Member of the Legislative Assembly of Prince Edward Island for Kensington-Malpeque
- In office June 12, 2007 – February 23, 2015
- Preceded by: Mitch Murphy
- Succeeded by: Matthew MacKay

Personal details
- Born: January 20, 1960 (age 66) Shediac, New Brunswick, Canada
- Party: Liberal

= Wes Sheridan =

Canadian politician

Wesley J. Sheridan (born 20 January 1960) is a Canadian politician. He represented the electoral district of Kensington-Malpeque in the Legislative Assembly of Prince Edward Island from 2007 to 2015. He was a member of the Liberal Party.

A native of Shediac, New Brunswick and a graduate of Dartmouth College, Sheridan was an assistant manager at the Malpeque Bay Credit Union prior to entering politics.

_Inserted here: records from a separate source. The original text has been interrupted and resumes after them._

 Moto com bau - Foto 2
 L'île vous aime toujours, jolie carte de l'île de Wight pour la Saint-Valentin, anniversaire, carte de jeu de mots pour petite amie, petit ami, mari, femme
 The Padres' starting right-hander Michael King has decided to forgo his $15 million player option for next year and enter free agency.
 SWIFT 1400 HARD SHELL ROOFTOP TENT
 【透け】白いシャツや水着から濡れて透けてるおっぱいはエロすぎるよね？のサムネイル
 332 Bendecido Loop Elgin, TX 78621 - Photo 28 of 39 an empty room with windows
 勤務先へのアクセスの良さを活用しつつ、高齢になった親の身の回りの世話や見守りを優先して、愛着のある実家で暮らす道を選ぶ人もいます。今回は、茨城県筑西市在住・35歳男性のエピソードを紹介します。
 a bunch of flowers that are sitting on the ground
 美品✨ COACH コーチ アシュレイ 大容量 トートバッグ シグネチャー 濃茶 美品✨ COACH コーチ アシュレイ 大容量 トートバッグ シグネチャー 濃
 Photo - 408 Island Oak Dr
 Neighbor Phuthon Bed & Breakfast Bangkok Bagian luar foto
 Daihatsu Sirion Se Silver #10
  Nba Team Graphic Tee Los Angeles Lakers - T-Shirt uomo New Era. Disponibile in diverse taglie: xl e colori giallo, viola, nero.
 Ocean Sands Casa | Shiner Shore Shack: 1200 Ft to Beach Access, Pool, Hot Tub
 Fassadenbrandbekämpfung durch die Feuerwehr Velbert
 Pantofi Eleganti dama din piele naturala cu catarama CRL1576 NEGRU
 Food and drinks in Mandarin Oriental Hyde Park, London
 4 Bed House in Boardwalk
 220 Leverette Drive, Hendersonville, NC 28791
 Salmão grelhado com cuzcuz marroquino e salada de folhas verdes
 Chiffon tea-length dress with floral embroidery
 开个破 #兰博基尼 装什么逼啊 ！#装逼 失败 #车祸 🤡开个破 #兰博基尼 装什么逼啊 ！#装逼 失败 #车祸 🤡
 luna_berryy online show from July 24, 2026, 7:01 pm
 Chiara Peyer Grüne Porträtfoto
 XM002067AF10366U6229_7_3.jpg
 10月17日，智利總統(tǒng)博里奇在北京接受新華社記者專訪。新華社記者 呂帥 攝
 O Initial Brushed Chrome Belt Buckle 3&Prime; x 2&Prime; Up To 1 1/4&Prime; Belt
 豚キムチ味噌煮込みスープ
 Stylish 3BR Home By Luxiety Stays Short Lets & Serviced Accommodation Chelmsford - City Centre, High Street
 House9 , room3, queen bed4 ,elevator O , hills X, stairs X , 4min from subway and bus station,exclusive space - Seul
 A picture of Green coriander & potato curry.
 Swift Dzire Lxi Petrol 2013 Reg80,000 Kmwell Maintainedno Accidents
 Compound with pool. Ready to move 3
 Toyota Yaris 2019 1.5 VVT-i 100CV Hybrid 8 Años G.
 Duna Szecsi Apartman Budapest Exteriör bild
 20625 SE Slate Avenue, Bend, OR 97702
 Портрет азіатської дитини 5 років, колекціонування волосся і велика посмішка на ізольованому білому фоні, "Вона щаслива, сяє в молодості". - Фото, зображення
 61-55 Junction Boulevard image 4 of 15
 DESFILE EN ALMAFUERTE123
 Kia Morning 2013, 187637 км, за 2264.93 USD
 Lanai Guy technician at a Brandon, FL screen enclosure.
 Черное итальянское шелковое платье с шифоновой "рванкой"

Sheridan was elected to the Legislative Assembly of Prince Edward Island in the 2007 provincial election, defeating Progressive Conservative cabinet minister Mitch Murphy in the Kensington-Malpeque riding. On June 12, 2007, Sheridan was appointed to the Executive Council of Prince Edward Island as Provincial Treasurer. In January 2010, he was given the additional responsibility of municipal affairs, with the cabinet position being styled as the Minister of Finance and Municipal Affairs. Sheridan was re-elected in 2011, and retained his position in cabinet.

On January 23, 2015, Sheridan announced that he would not reoffer in the 2015 election. Sheridan was dropped from cabinet when Wade MacLauchlan took over as premier on February 23, 2015, and he resigned as MLA the same day.